Nel 1500 fu conquistata da Cesare Borgia (il Valentino) e alla caduta di questi, nel 1503, passò in mano ai veneziani. All’epoca la Rocca possedeva solo la torre minore che, sotto il dominio della Serenissima, venne ulteriormente ampliata e dotata dell’imponente torrione circolare.
Nel 1509 fu riconquistata dalle truppe papaline. Nel 1560 Papa Pio IV concesse ad Alfonso II d’Este, Duca di Ferrara, il governo della vallata che, a causa dell’insorgenza di contrasti, durò soli cinque anni.
A parte la breve parentesi Napoleonica, la Rocca restò sotto il controllo della Chiesa fino al 1860, anno dell’annessione al Regno d’Italia.
La Rocca
Si entra nell’area della Rocca attraverso la scala della porta delle Gabelle. Il camminamento ai piedi delle alte mura raggiunge la vecchia corte esterna. Tramite l’ingresso principale si accede sia alla corte d’arme interna che alla più piccola e più antica torre manfrediana.
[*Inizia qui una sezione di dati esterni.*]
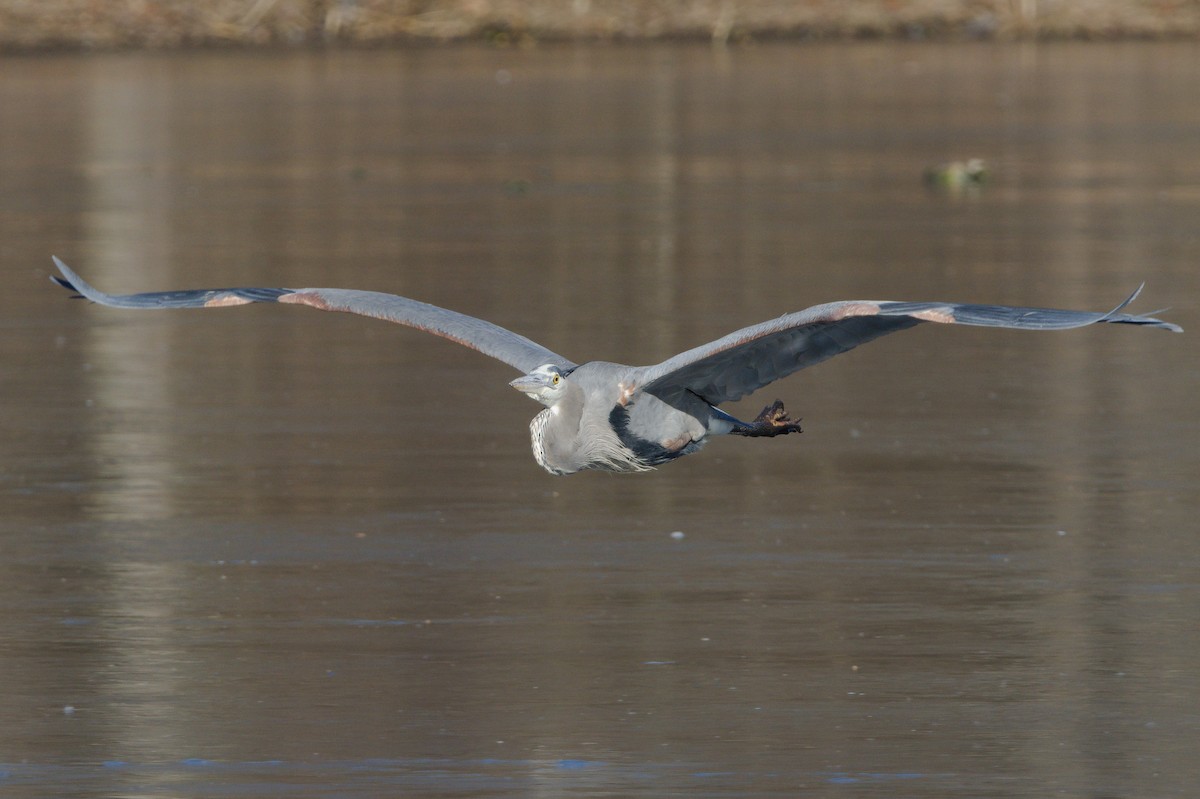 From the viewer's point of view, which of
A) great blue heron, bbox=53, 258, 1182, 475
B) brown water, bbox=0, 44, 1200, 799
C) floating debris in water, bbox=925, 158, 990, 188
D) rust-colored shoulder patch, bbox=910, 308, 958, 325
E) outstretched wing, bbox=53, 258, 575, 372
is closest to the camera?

L’ingresso della torre manfrediana costituisce l’inizio del camminamento interno del castello. Una stretta scala a chiocciola collega una serie di tre ambienti abitabili sovrapposti sull’asse verticale della torre. Il quarto e ultimo livello della torre è caratterizzato da un ampio ambiente circolare con pilone portante centrale e tetto in legno e laterizio. La torre è collegata al maschio veneziano da uno dei due ponti levatoi che permettevano l’arroccamento in caso di assedio. La torre veneziana, munita di cisterna nella sua parte interrata, è anch’essa dotata di una scala a chiocciola che collega tre ambienti sovrapposti anticamente abitati dal castellano. Il quarto livello, più alto, è caratterizzato dalla galleria che corre sull’intera circonferenza da cui si gode uno splendido panorama sulla vallata. Il tetto, realizzato su due livelli, copre un vano cieco con cupola ogivale (probabilmente utilizzato come polveriera). La copertura in legno della galleria perimetrale fu realizzata verso la fine del XVI sec.
Tutte le parti del fortilizio sono collegate tra loro dal camminamento di ronda in sommità ai bastioni, che permette di raggiungere tutte le estremità della fortificazione in quota, nonché il collegamento tra le torri. Dal cortile d’arme interno si accede alla galleria sottostante al bastione Ovest (bombardiera), da cui si raggiunge la caponiera, posta al di sotto del ponte delle Gabelle, che permetteva il tiro radente laterale sugli assedianti.